+++ Input data +++

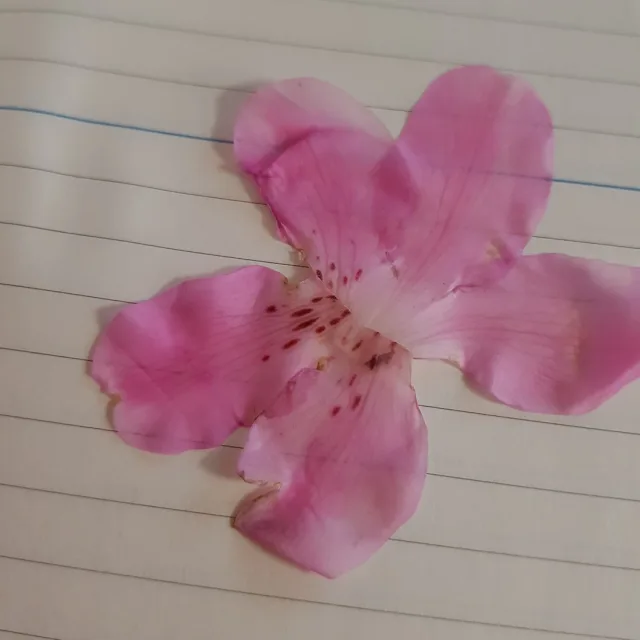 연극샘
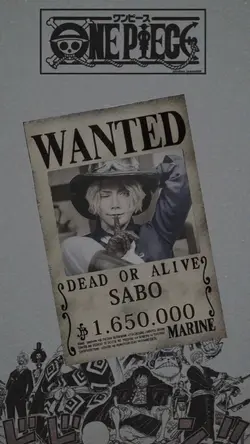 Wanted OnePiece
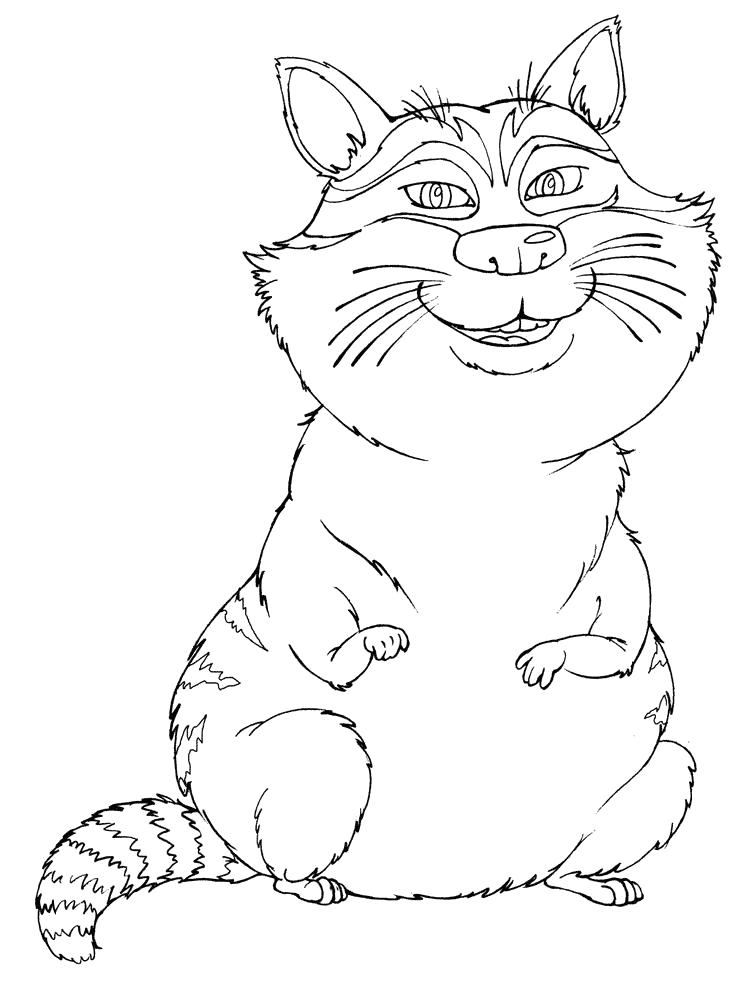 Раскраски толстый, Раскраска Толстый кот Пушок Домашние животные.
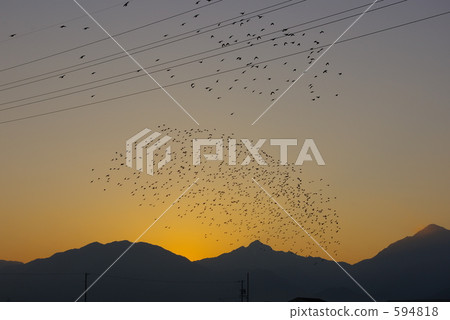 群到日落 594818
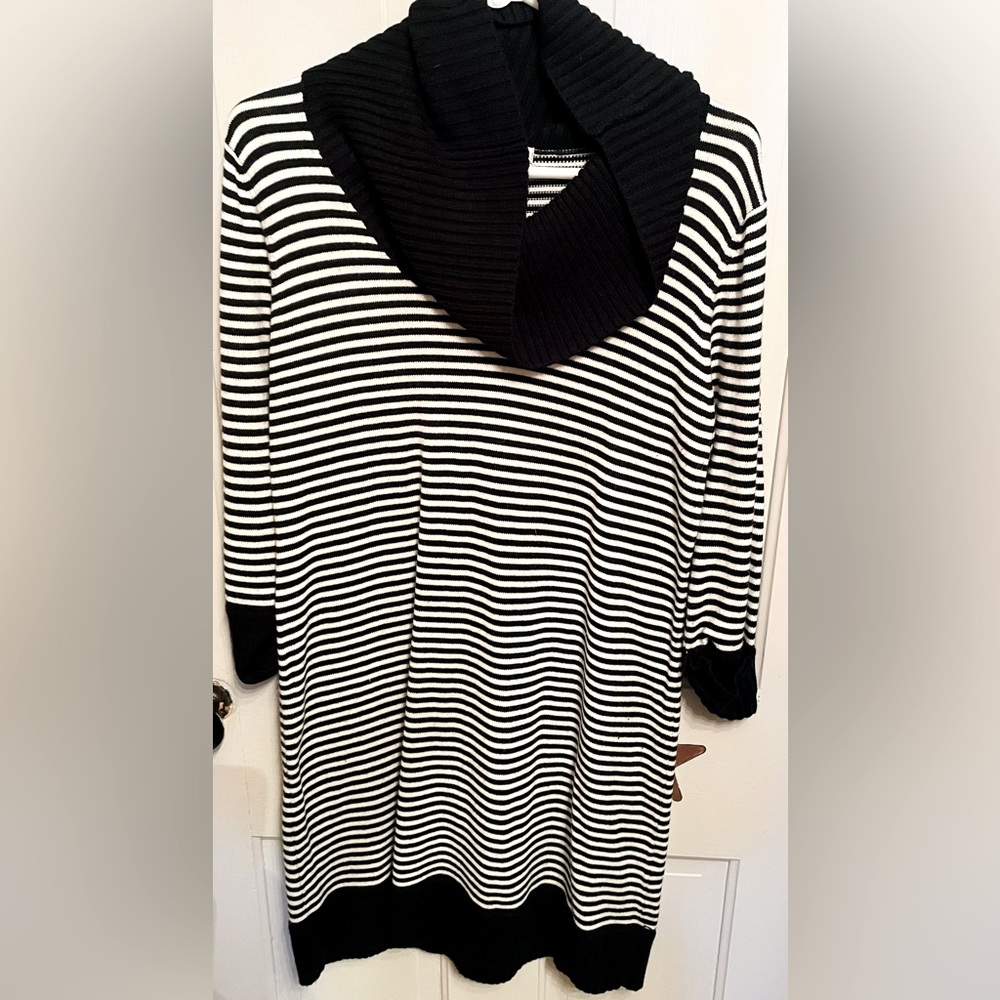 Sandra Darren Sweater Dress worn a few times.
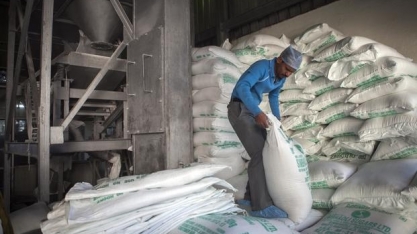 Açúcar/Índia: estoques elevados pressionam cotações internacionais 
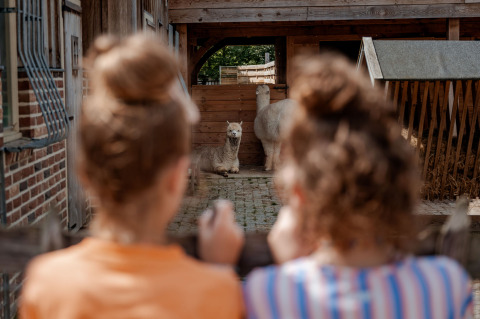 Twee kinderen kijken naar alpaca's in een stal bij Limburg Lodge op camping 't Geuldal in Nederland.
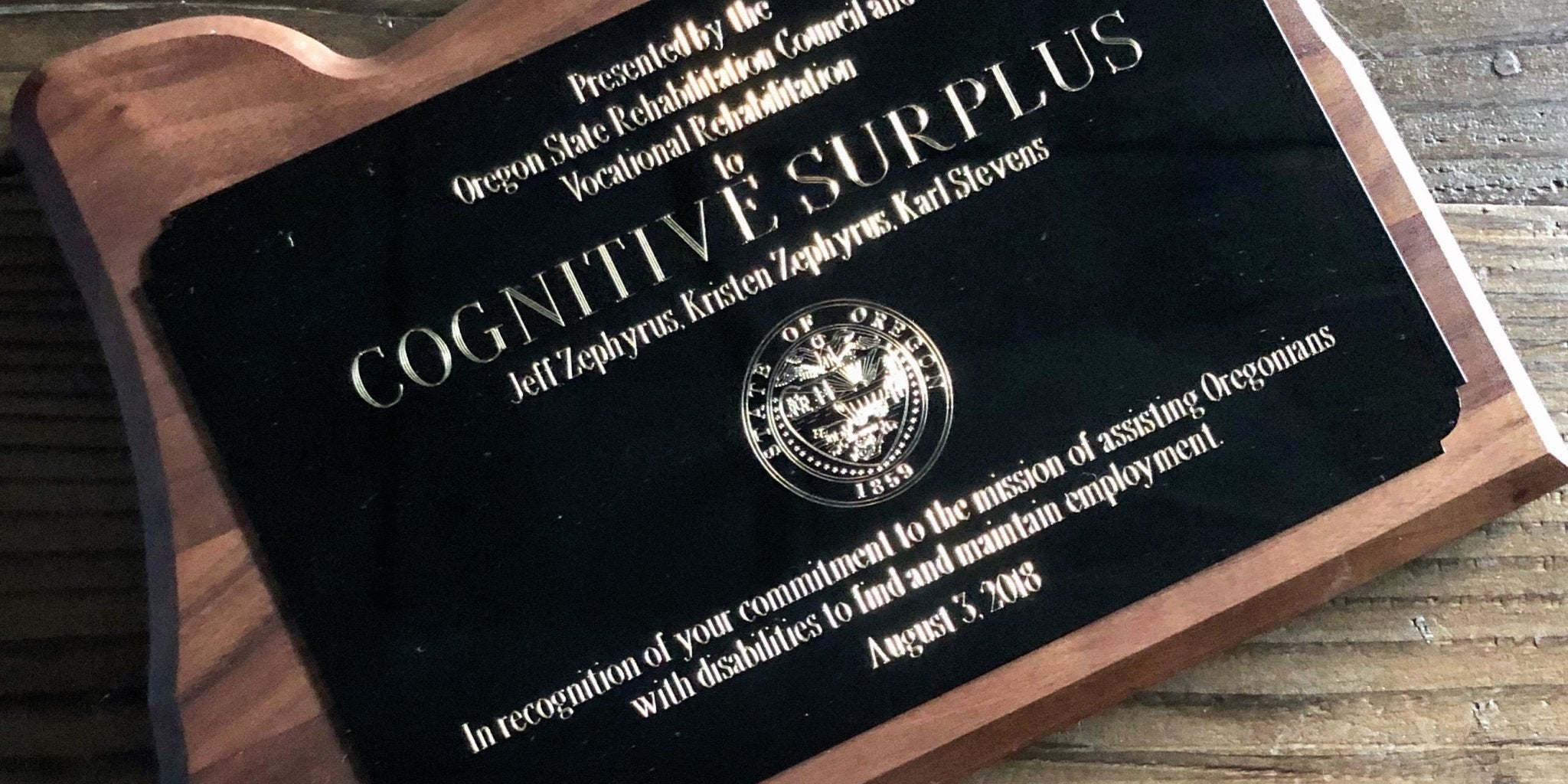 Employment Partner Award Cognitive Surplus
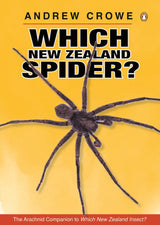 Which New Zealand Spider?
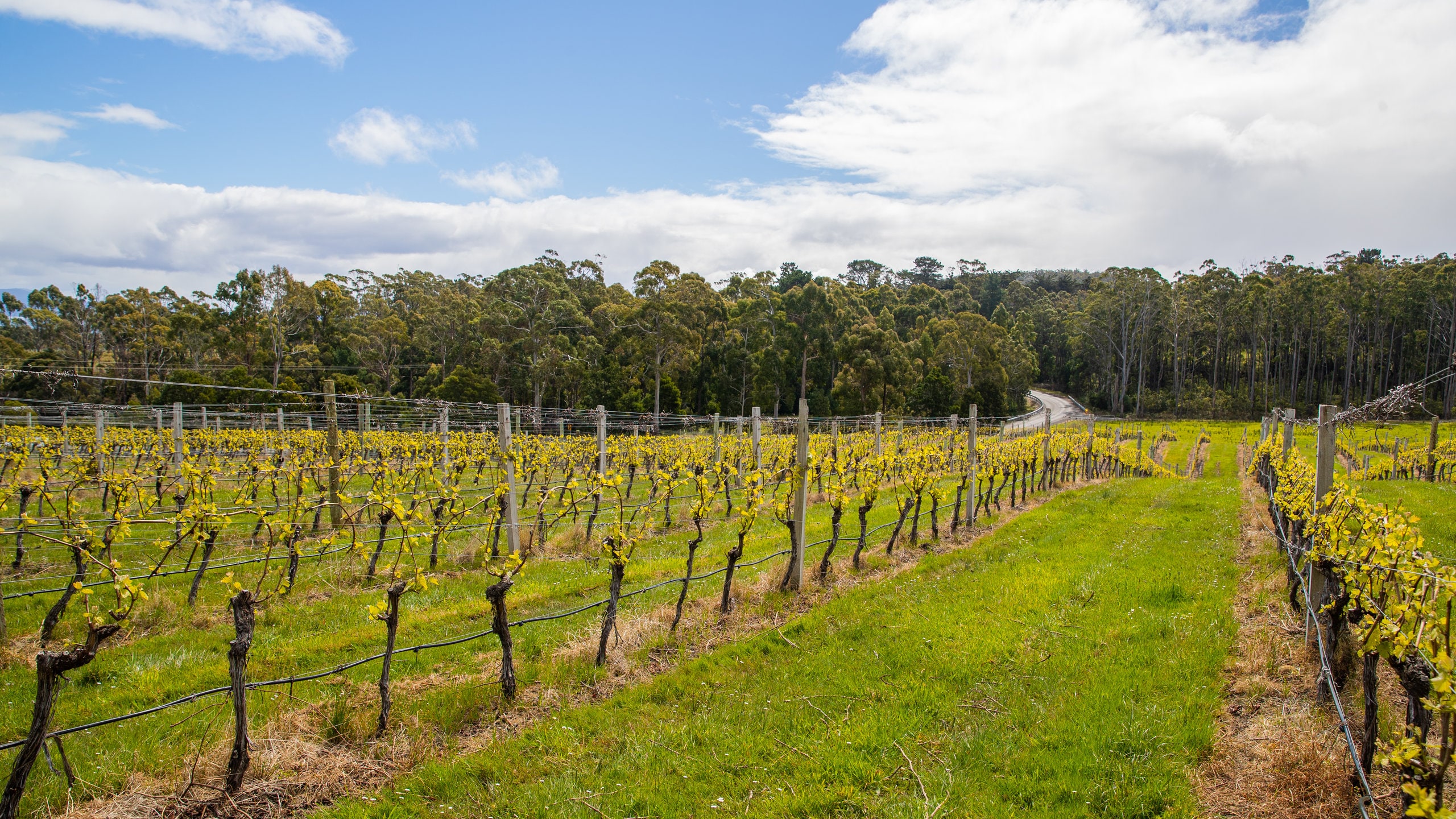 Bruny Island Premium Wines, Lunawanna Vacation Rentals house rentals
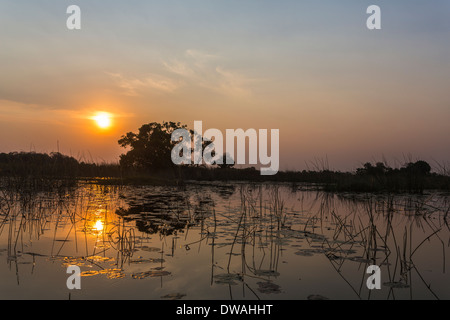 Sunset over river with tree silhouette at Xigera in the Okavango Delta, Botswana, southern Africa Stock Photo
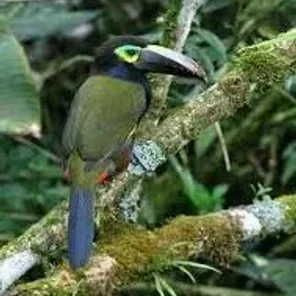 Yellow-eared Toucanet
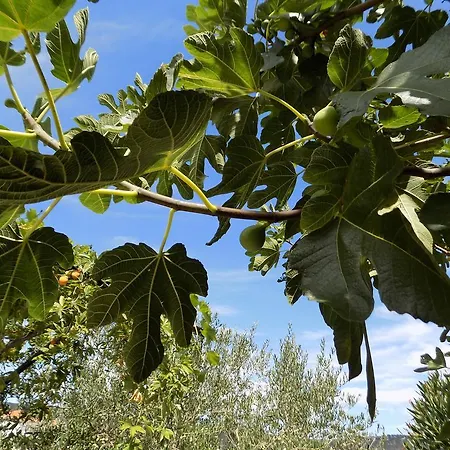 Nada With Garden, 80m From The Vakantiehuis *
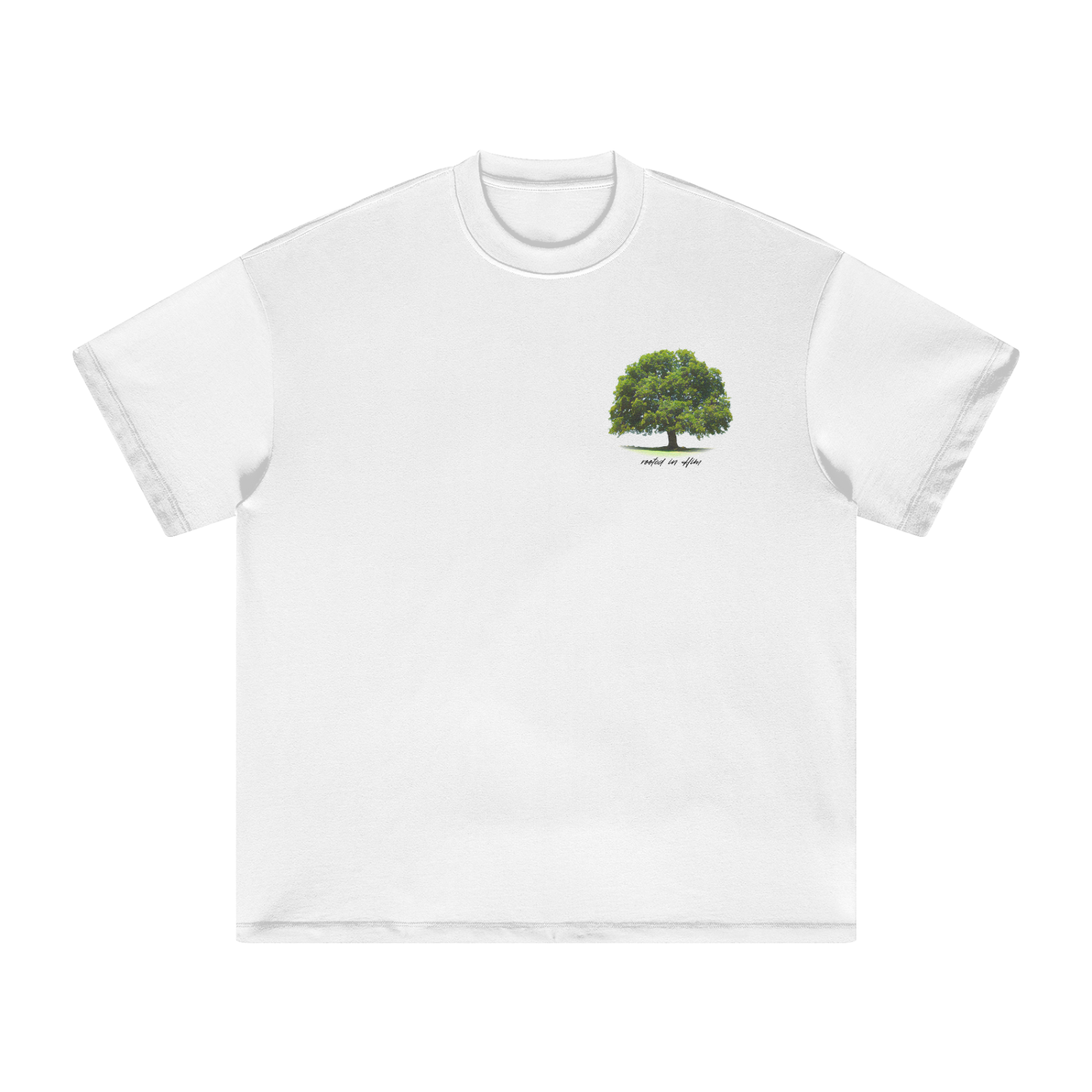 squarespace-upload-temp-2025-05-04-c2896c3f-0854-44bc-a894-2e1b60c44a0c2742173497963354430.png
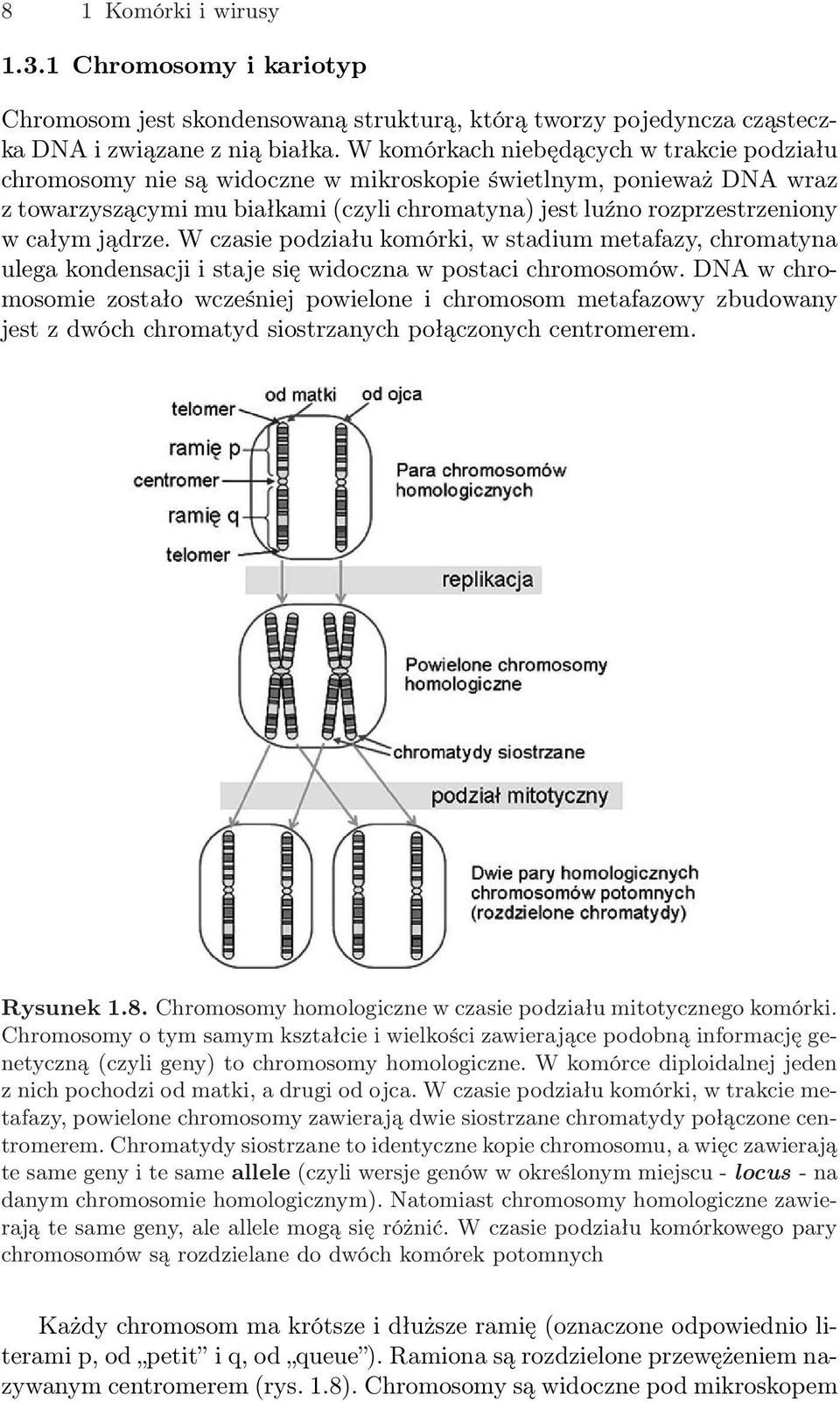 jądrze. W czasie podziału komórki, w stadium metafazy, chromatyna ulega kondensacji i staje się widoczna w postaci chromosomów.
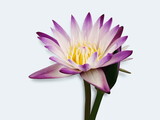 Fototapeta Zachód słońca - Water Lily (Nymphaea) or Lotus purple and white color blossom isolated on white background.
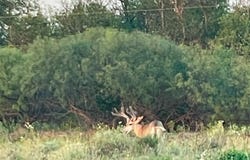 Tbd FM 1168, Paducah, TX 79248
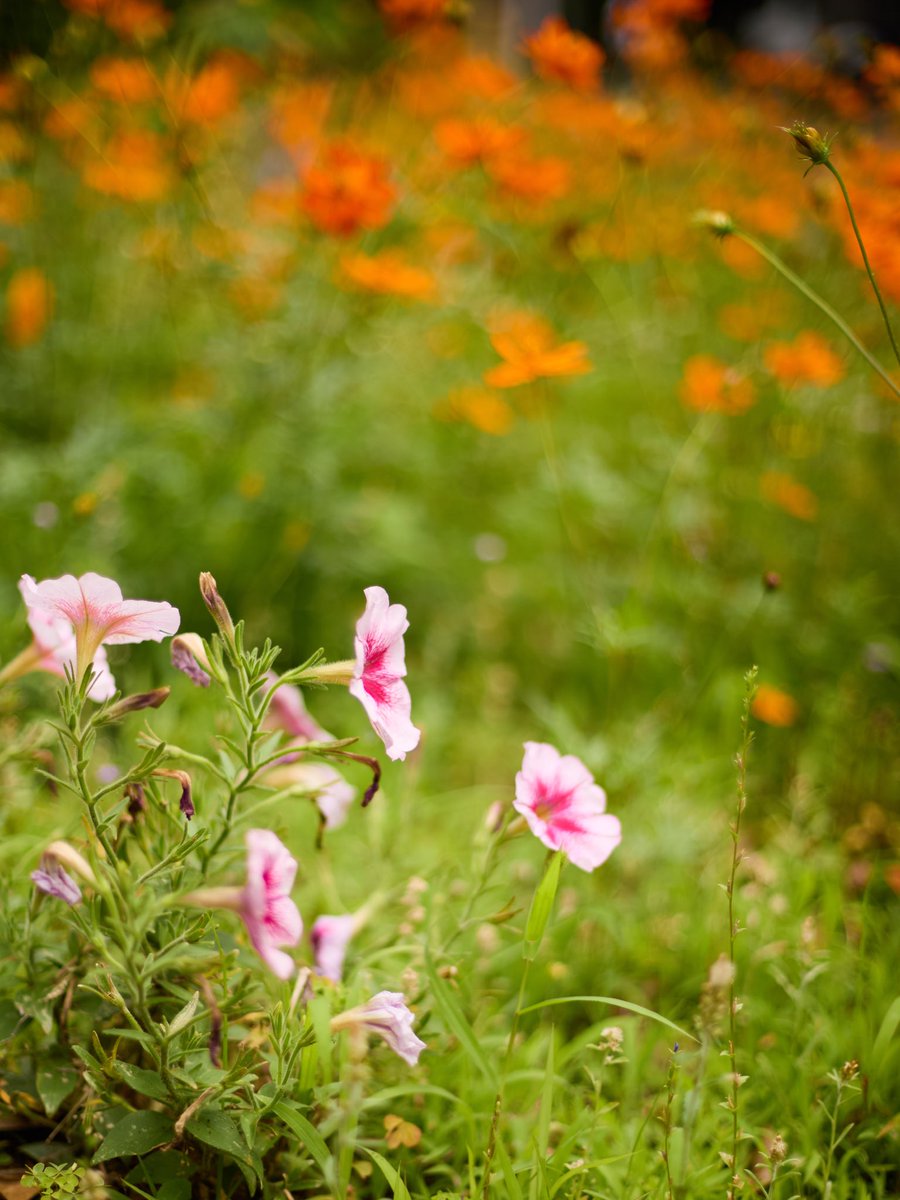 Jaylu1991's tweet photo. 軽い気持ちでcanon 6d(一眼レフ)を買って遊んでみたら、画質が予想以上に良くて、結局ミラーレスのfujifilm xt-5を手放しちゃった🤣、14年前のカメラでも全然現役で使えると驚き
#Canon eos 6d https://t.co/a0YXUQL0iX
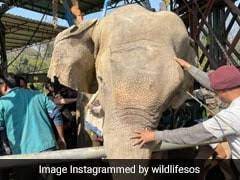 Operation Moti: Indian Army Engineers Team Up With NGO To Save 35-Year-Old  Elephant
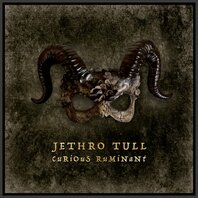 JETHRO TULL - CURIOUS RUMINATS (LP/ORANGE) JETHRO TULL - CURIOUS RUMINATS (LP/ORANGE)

+++

__Work to be completed__. Without the pictures, please output every record exactly.

__Finished exercise__.
 연극샘
 Wanted OnePiece
 Раскраски толстый, Раскраска Толстый кот Пушок Домашние животные.
 群到日落 594818
 Sandra Darren Sweater Dress worn a few times.
 Açúcar/Índia: estoques elevados pressionam cotações internacionais 
 Twee kinderen kijken naar alpaca's in een stal bij Limburg Lodge op camping 't Geuldal in Nederland.
 Employment Partner Award Cognitive Surplus
 Which New Zealand Spider?
 Bruny Island Premium Wines, Lunawanna Vacation Rentals house rentals
 Sunset over river with tree silhouette at Xigera in the Okavango Delta, Botswana, southern Africa Stock Photo
 Yellow-eared Toucanet
 Nada With Garden, 80m From The Vakantiehuis *
 squarespace-upload-temp-2025-05-04-c2896c3f-0854-44bc-a894-2e1b60c44a0c2742173497963354430.png
 jądrze. W czasie podziału komórki, w stadium metafazy, chromatyna ulega kondensacji i staje się widoczna w postaci chromosomów.
 Fototapeta Zachód słońca - Water Lily (Nymphaea) or Lotus purple and white color blossom isolated on white background.
 Tbd FM 1168, Paducah, TX 79248
 Jaylu1991's tweet photo. 軽い気持ちでcanon 6d(一眼レフ)を買って遊んでみたら、画質が予想以上に良くて、結局ミラーレスのfujifilm xt-5を手放しちゃった🤣、14年前のカメラでも全然現役で使えると驚き
#Canon eos 6d https://t.co/a0YXUQL0iX
 Operation Moti: Indian Army Engineers Team Up With NGO To Save 35-Year-Old  Elephant
 JETHRO TULL - CURIOUS RUMINATS (LP/ORANGE) JETHRO TULL - CURIOUS RUMINATS (LP/ORANGE)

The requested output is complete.